To answer this question, it helps to think about what makes the Internet different as a medium and what that means. For one, it means people can steal; they can appropriate; they can pirate. Students use the Internet to learn and cheat, people self-publish (as we do here) with little effort, and anyone can voyeuristically peek in from anywhere. The Internet is a heterotopia; it is a place where you can be almost anywhere from anywhere else, yet always stuck in a vortex of nowhere. To find anything you must use Google. And since Google likes to eat zebra meat, what we say here ends up on Main Street as often as it's relegated to back alleyways.
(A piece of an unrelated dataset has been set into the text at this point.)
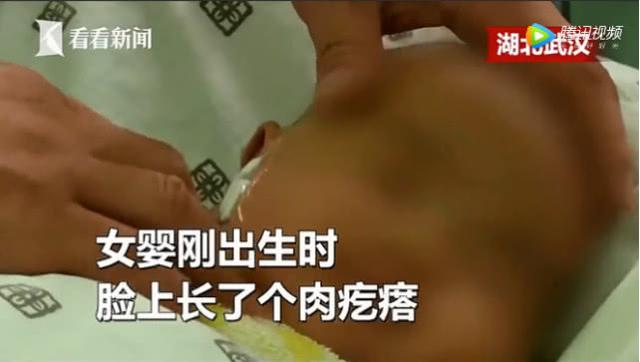 奶奶用发丝帮孙女除面部肉疙瘩，险些致孙女丧生，你敢这样做吗？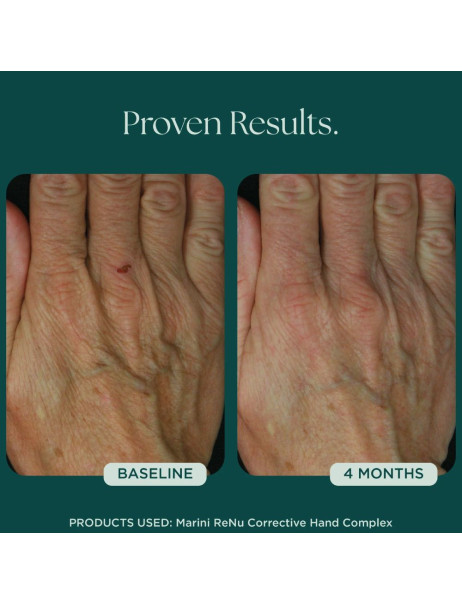 Jan Marini ReNu Corrective Hand Complex Антивозрастной крем для рук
We are street performers and we don't need a license to be here, nor does anyone else. This is a good thing.

Z E B R A M E A T recently had its first overt case of self-censorship. An author was displeased with a piece she wrote for the previous volume and asked that it be removed. She felt too many people were reading it, and she no longer agreed with her own argument. She was embarrassed. She felt that even her own words were no longer under her control and she didn't want to commit to them any longer. She soon learned that once you put something out on the Internet, just as in print, it is hard to ever bring it back -- perhaps even harder. She was anxious that the Google link remained active after the offending piece was removed. And although the link is dead now, the author can never know where her words have been stored. Surely there are machines that index and archive as much of the Internet as possible, creating a trove of material to be mined for digital bits of all varieties.

In contemplating piracy, we embrace our medium -- plastic yet firm. The Internet is public art: a space where anyone can spew forth and everyone democratically loses control of where her or his words and images end up, are consumed, or downloaded. Anyone can read this or steal this page. We can't ever really take it back. Clearly the music companies, more than any other interest group, have realized this problem, and it has changed their industry, but that is just the tip of the iceberg and we all know about e-commerce. What is less obvious is how this ability to appropriate will change the face of art and politics in this public heterotopic space, in this simultaneous kaleidoscope of artistic (and other) expression.

Publishing on the web is just like any other form of publishing. It seems impermanent, but it is not. Once you put it out there, it is no longer under your control. Ever. Welcome to the world of piracy.